Looking back

NIO Relevant knowledge points （ One ）_ If you have bad luck, try to make it up -CSDN Blog NIO?selector？epoll？ I don't understand it https://blog.csdn.net/wai_58934/article/details/122898928?spm=1001.2014.3001.5501 Then continue to write yesterday .

The important thing is to call the three underlying functions , Namely

epoll_create: Generate a epoll Dedicated file descriptors . It actually applies for a space in the kernel , Used to store what you want to focus on socket fd Whether it happened and what happened

epoll_ctl:epoll The event registration function , Used to control a epoll Events on the file descriptor , You can register Events , Modify event , Delete event .

epoll_wait: Waiting for the event to happen , This function returns the number of events to be processed . Waiting to register at epfd Upper socket fd The occurrence of the event , If it happens, it will happen sokct fd And event types into events Array . And will register at epfd Upper socket fd The event type of , So if you want to focus on this in the next cycle socket fd Words , You need to use epoll_ctl To reset socket fd The type of event .

Reactor Respond to programming patterns

Reactor Encapsulates the selector.

Reactor The design pattern is event-driven architecture An implementation of , It is used to handle the scenario of multiple clients requesting services from the server concurrently . Each service may consist of multiple methods on the server .Reactor The service of concurrent requests will be decoupled and distributed to the corresponding time processor for processing .

Reactor The advantages of the model are obvious ： decoupling 、 Improve reusability 、 modularization 、 Portability 、 Event driven 、 Fine grained development control, etc .Reactor The disadvantages of the model are also obvious ： Complex model , Involving internal callback 、 Multithreading 、 Not easy to debug 、 The underlying support of the operating system is required , Therefore, different operating systems may produce different results .

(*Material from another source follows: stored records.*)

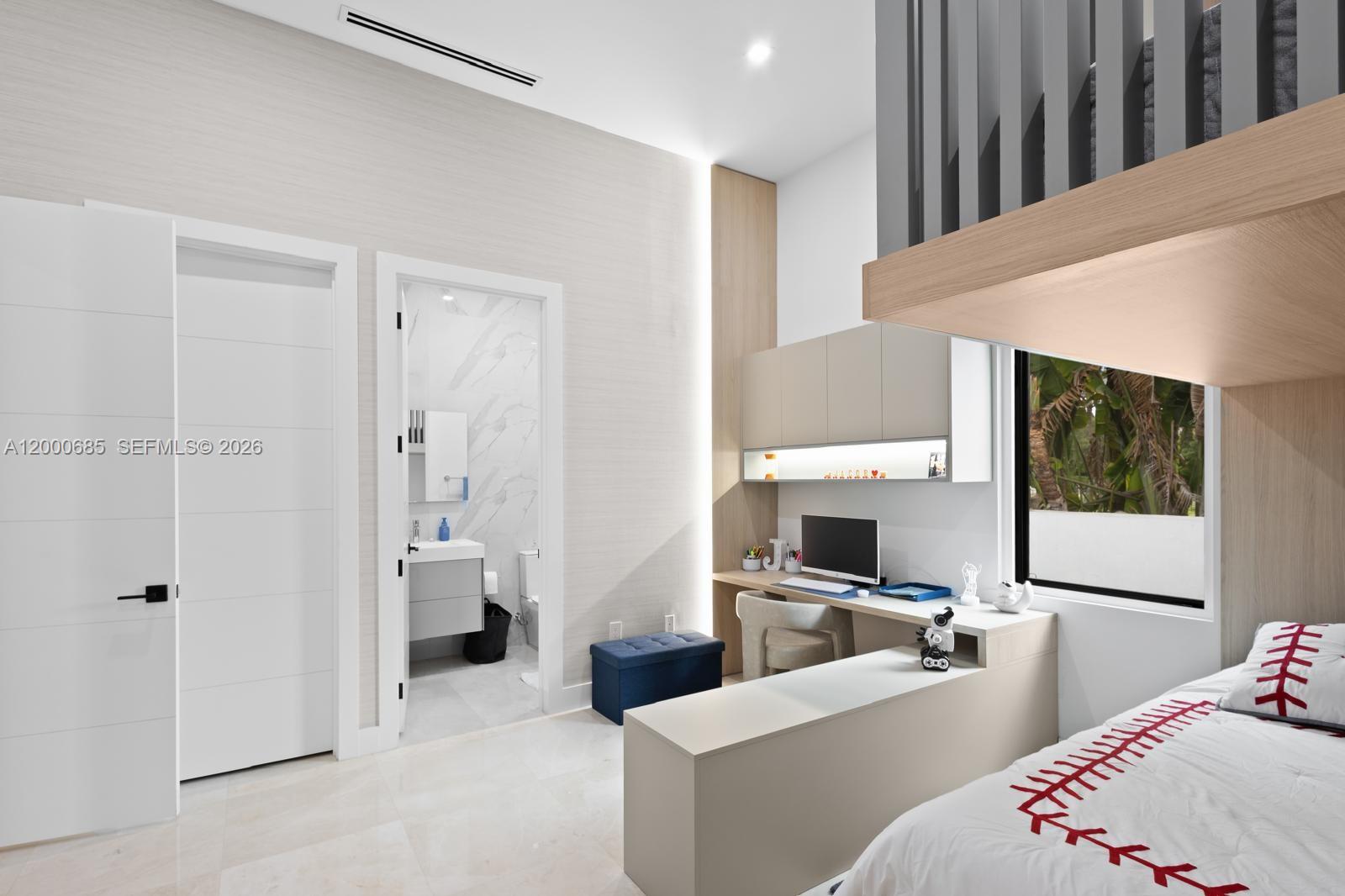 SWEETWATER ESTS SUB - Residential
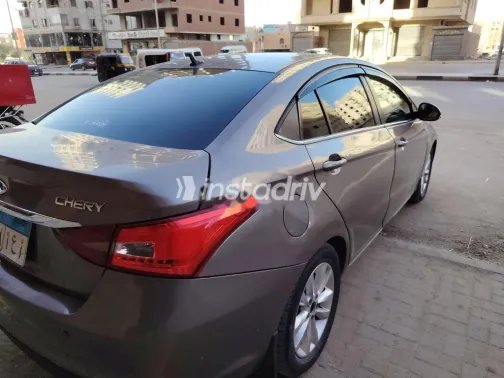 Chery Arrizo 5 2021 White Used for Sale - 2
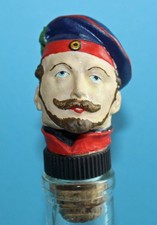 Schöner Zierkorken Soldat / Flaschenkorken / Stoneware Bottle Stopper Soldier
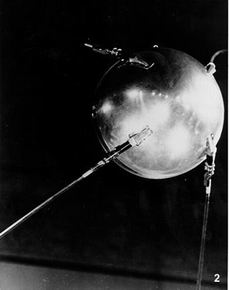 obr. 2 - družice Sputnik 1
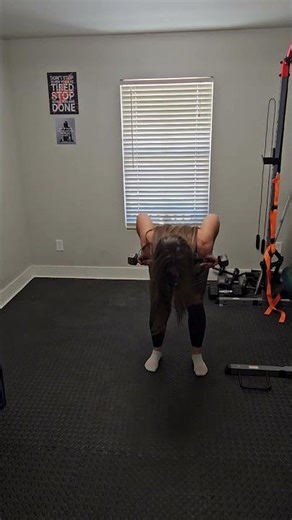 Dumbbell Reverse Grip Bent Over Row #beginnerworkout #homeworkout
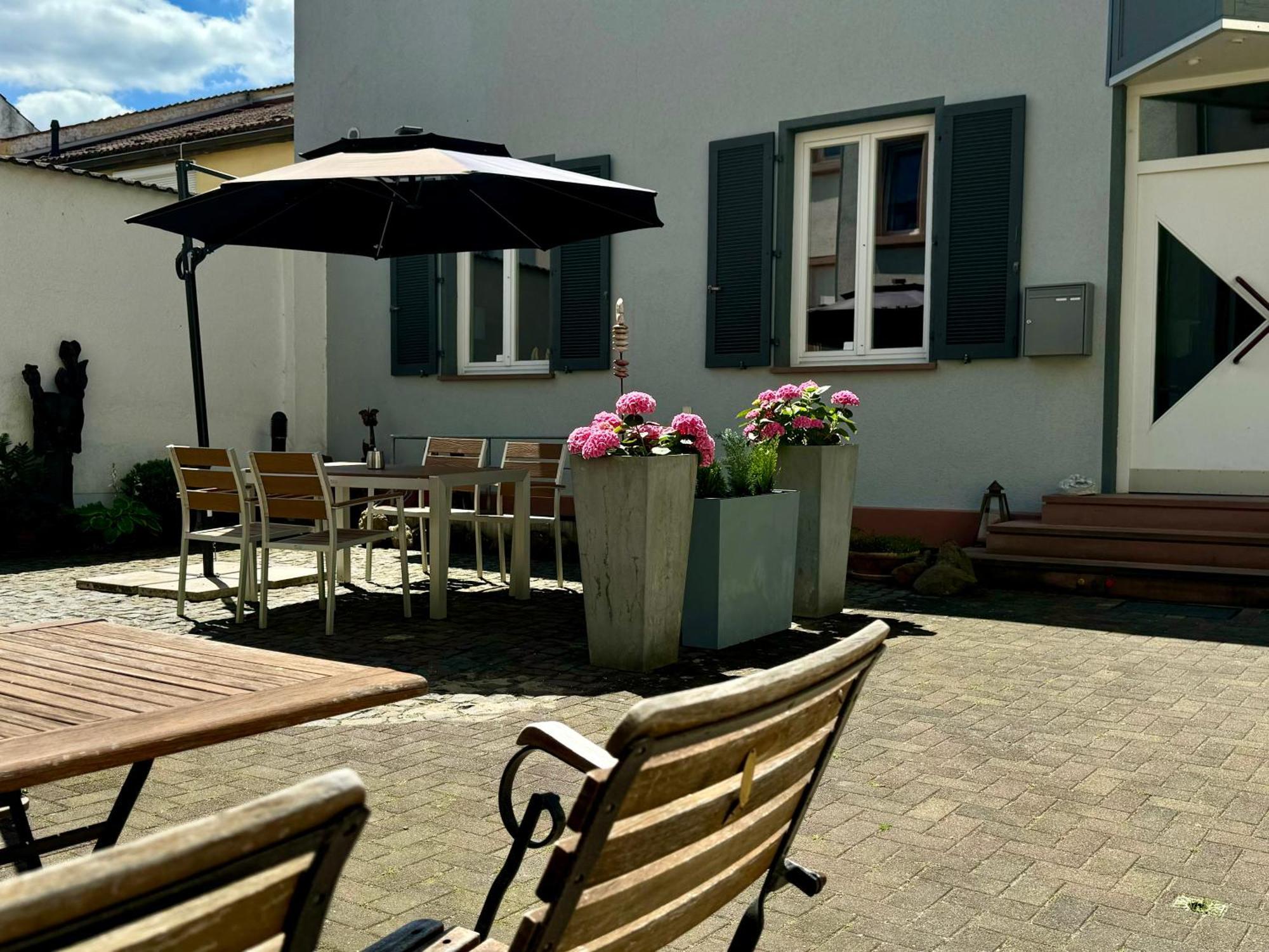 Ferienwohnungen Am Buergerpark Bad Nauheim Exterior photo
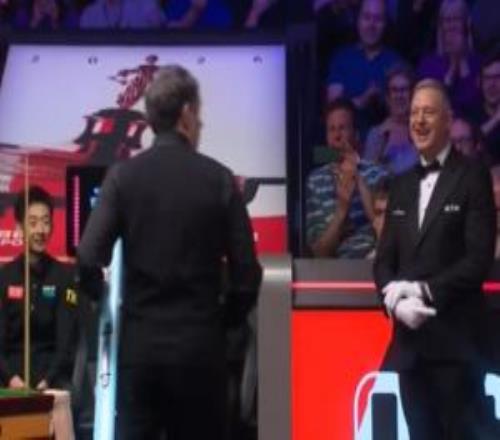 火老师要1打3奥沙利文入场走错球台，逗笑吴宜泽和雷佩凡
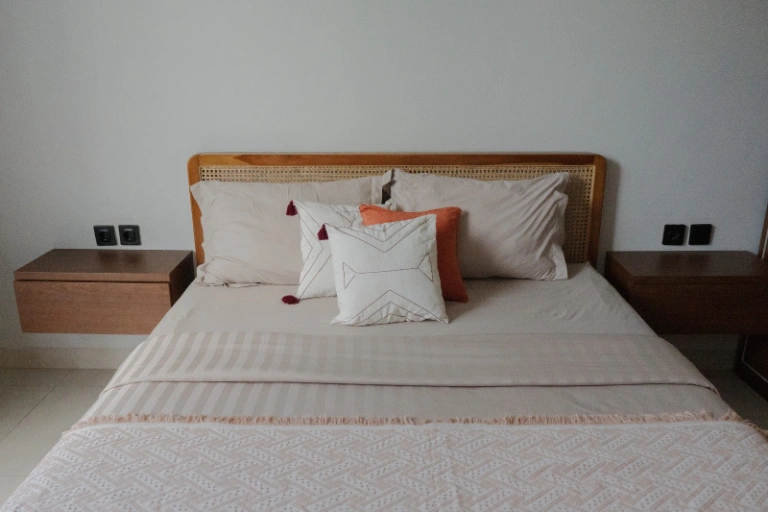 New 3 Bedroom Villa in Ungasan Uluwatu with Ocean and GWK View, 3-bed villa for rent in Uluwatu – photo 6 of 15
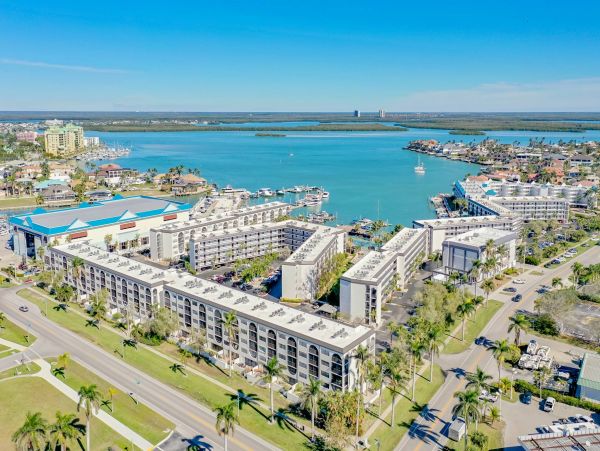 Marco Island Vacation Condo Two Bedrooms Sleeps Six Guests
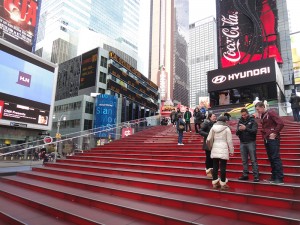 Escadaria vermelha da Times Square. A TKTS fica do outro lado.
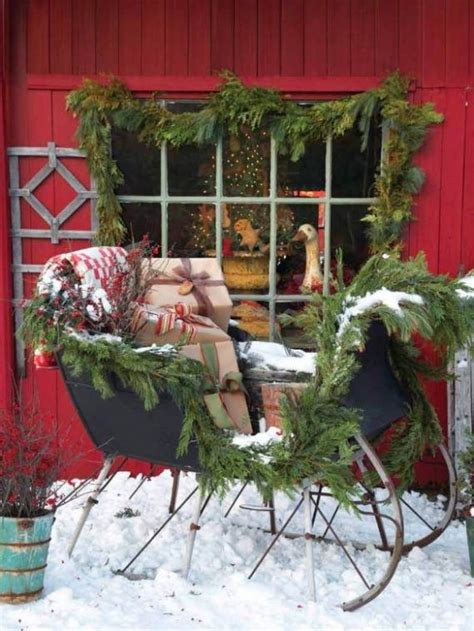 24 Attractive Christmas Sleigh Decoration Inspirations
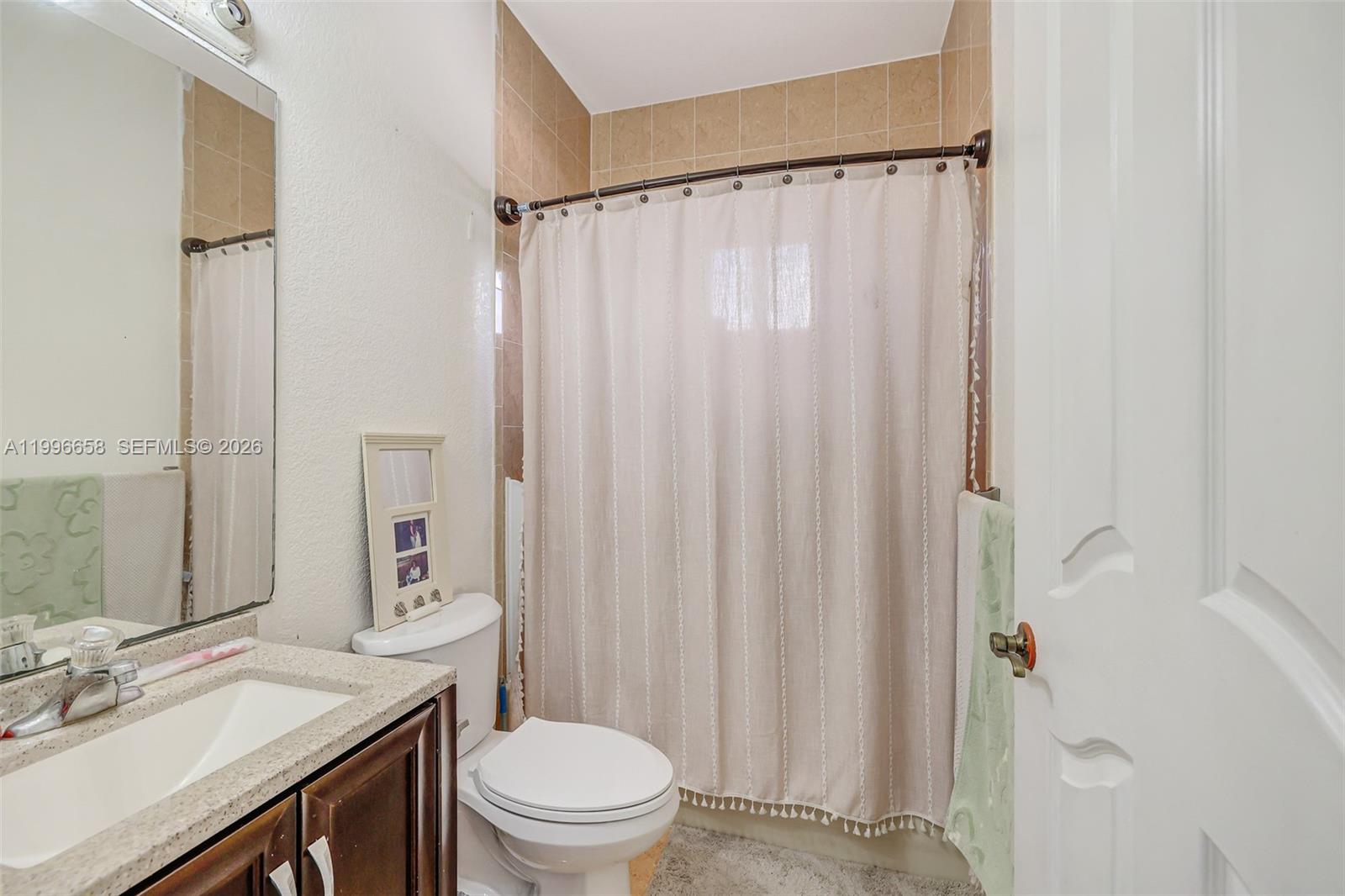 14606 Southwest 158th Place Miami, FL 33196 - Photo 28 of 65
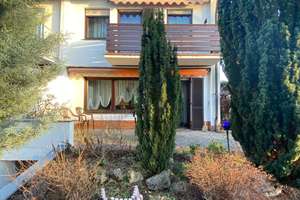 Sonniges Reiheneckhaus mit Garten, Terrasse, Balkon & Garage – Nürnberg (Erbbaurecht)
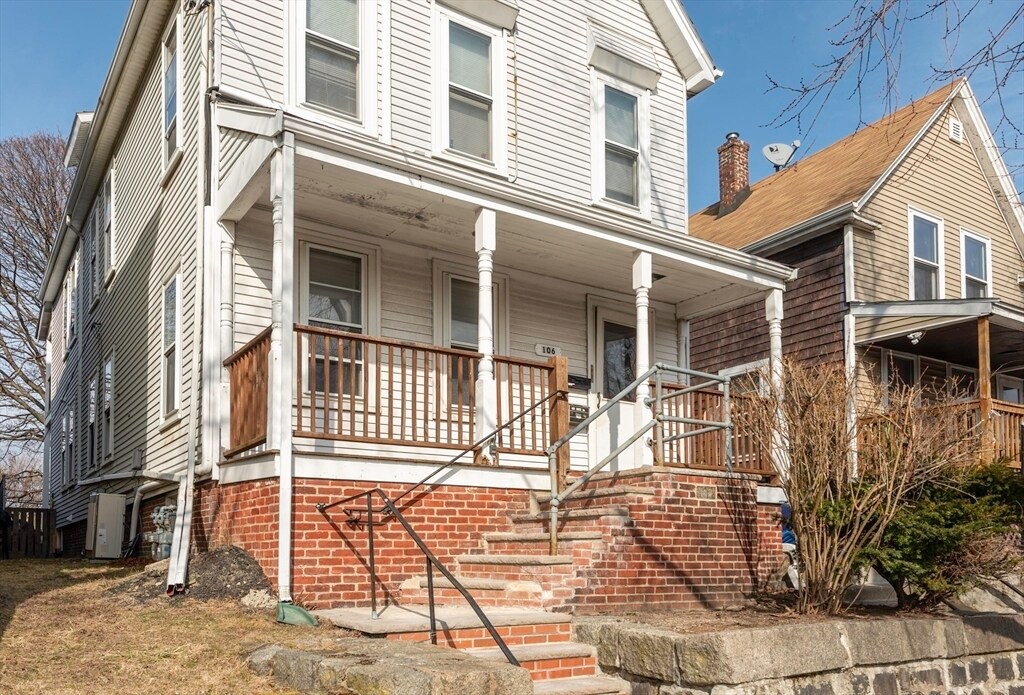 Building Photo - 108 Byron St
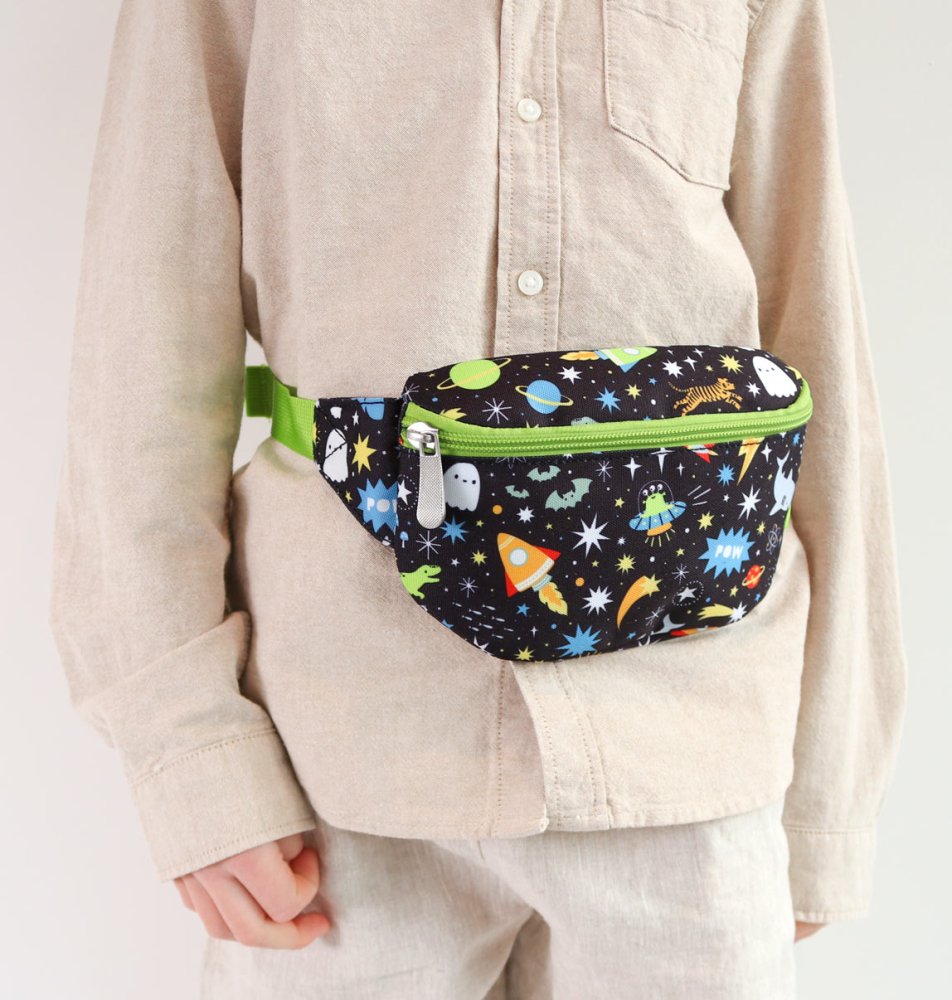 A Little Lovely Company - Sac banane enfant - Espace – Image 5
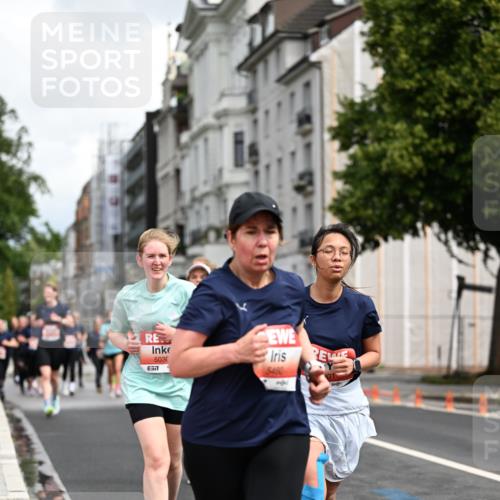 14.06.2026 - REWE Women's Run Dr. Thomas Lammeyer http://msf.ph/oto/9782553 14.06.2026 10:51:28 Laufen 5030, 57, 5460 meine-sportfotos.de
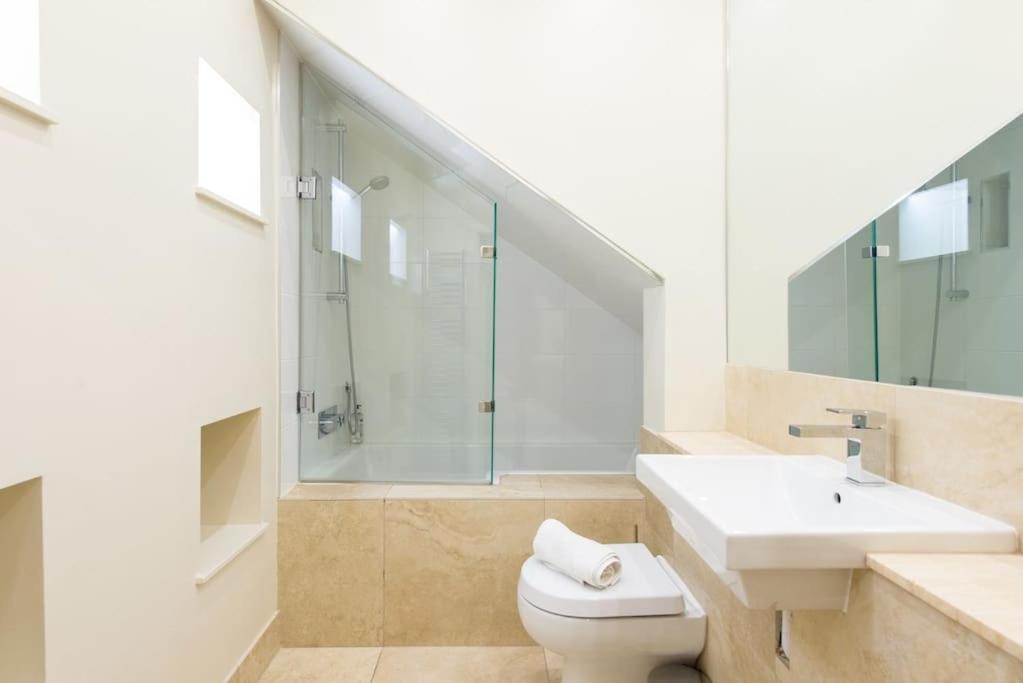 Self Catering , City Centre Apartment With Parking Edinburgh Bagian luar foto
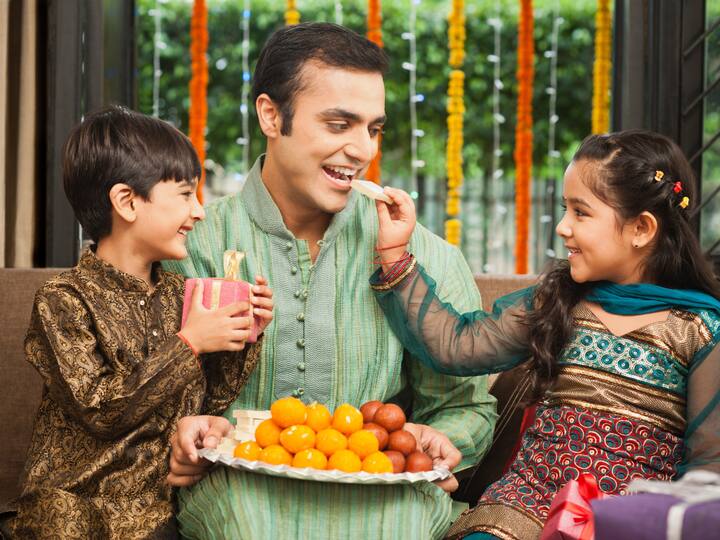 Give These Gifts To Your Loved Ones On Deepawali Know The Best Option Diwali Gift: दिवाली पर दोस्तों और रिश्तेदारों को दे सकते हैं ये गिफ्ट, इन सामानों पर मिल रहा जबरदस्त डिस्काउंट
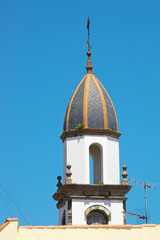 Fototapeta na wymiar Schiefer gedeckter Kirchturm Maria do Mar in Cedeira Galicien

yesterday NIO（ Please review the above article link ） Although used selector, however disadvantages Still very big , Because it processes read and write events serially , If 100000 read / write events are being processed , Enter another connection , You need to wait for the previous event to be processed , Poor performance . Optimize ： Put the read event into the thread pool for processing （ Establish connection events faster , There is no need to put it into the thread pool ）. however , After adding the thread pool, it still Not in time Handle new requests （ Threads cannot be opened too much , It will cause memory overflow ）. At this time, an excellent idea was born , Master-slave reactor The responsive model . One reactor Used to establish a connection , One reactor Deal with reading events .netty On this basis, improvements have been made , One master, many followers , Distribute events , In this way, the efficiency will be improved a lot . The above descriptions are ： Single thread Reactor Model 、 Multithreading Reactor Model 、 Master-slave Reactor Model . You can compare the difference from the figure ：

Take a look at netty To get started demo. Learn more about logic from the code .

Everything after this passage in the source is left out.